━━ Data supplied ━━

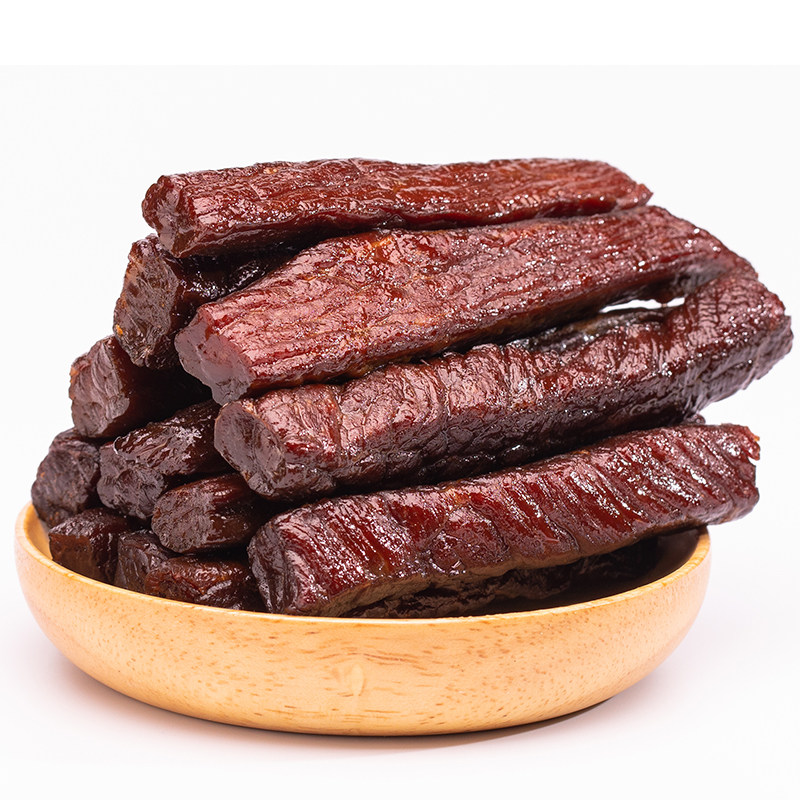 手撕500g*2份内蒙古正宗风干牛肉干 牛有趣牛肉类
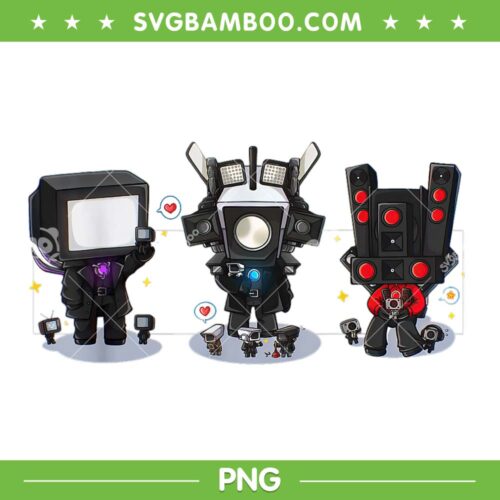 Skibidi Toilet PNG, CameramanV2 PNG, SpeakermanV2 PNG, TVmanV1 PNG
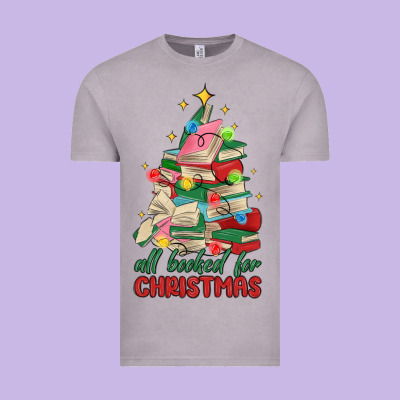 Christmas Book Tree Vintage Tee Designed By Maliassmallbusiness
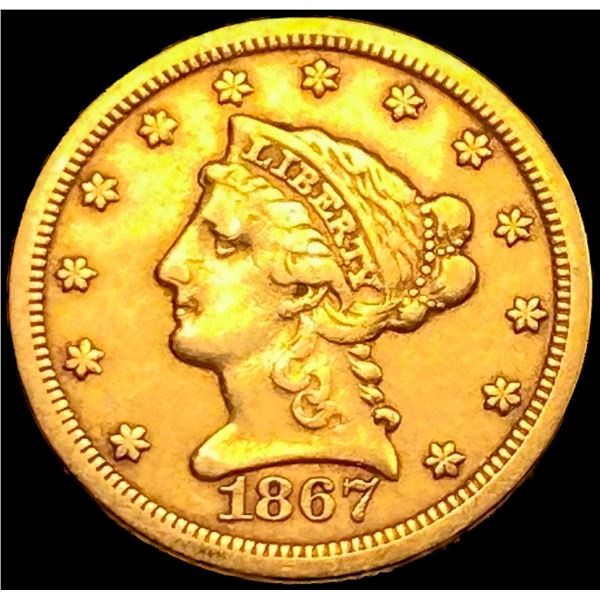 1867-S $2.50 Gold Quarter Eagle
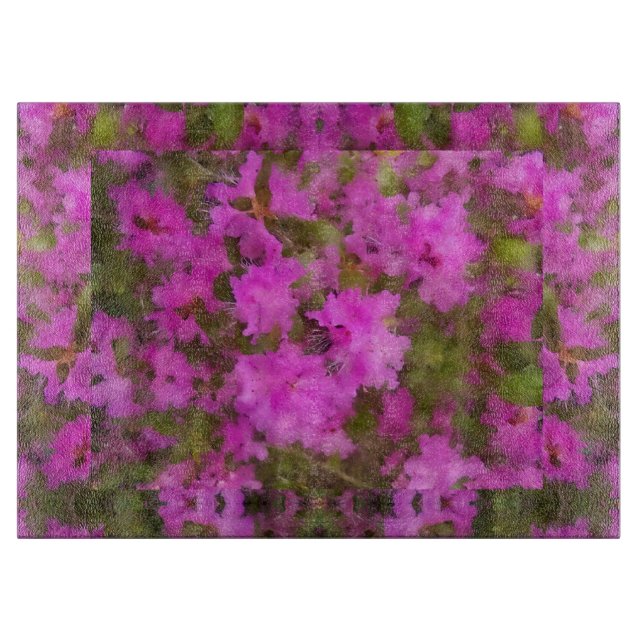 Lila Rhododendron Schneidebrett (Vorderseite)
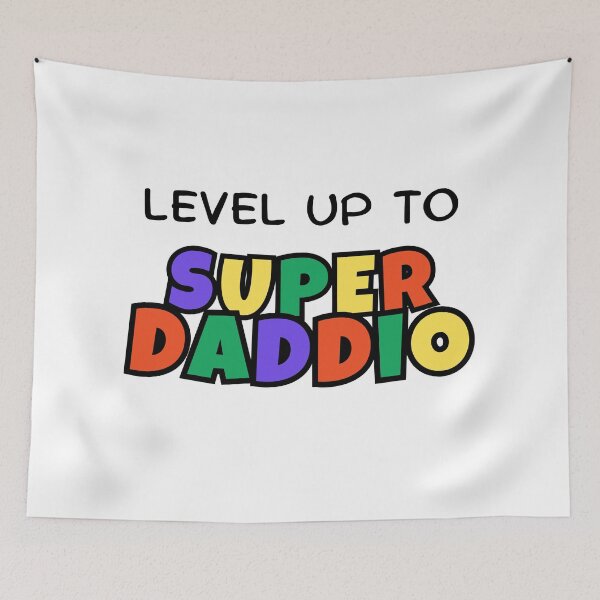 Item preview, Super Daddio Funny First Fathers Day Gift for Gamer Daddy designed and sold by SaavedraDesign.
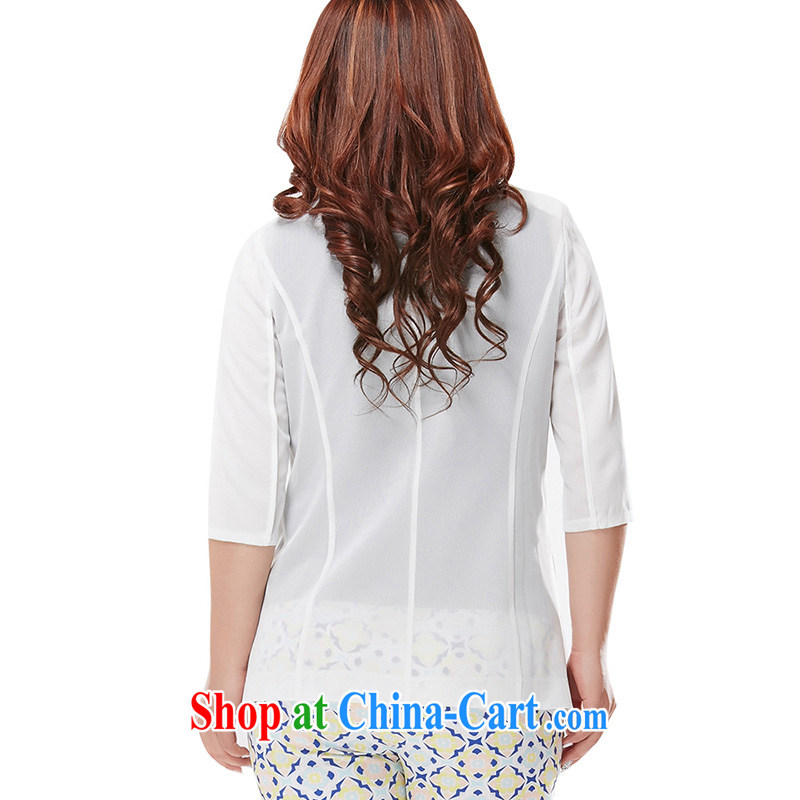 MsShe XL female OL small suits 2015 summer, new day, 7 cuff small suits 6983 white 5 XL, Susan Carroll, Ms Elsie Leung Chow (MSSHE), shopping on the Internet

━━━

Task directions
Set the preceding data down again word for word, omitting images.

Reply to the exercise
 手撕500g*2份内蒙古正宗风干牛肉干 牛有趣牛肉类
 Skibidi Toilet PNG, CameramanV2 PNG, SpeakermanV2 PNG, TVmanV1 PNG
 Christmas Book Tree Vintage Tee Designed By Maliassmallbusiness
 1867-S $2.50 Gold Quarter Eagle
 Lila Rhododendron Schneidebrett (Vorderseite)
 Item preview, Super Daddio Funny First Fathers Day Gift for Gamer Daddy designed and sold by SaavedraDesign.
 MsShe XL female OL small suits 2015 summer, new day, 7 cuff small suits 6983 white 5 XL, Susan Carroll, Ms Elsie Leung Chow (MSSHE), shopping on the Internet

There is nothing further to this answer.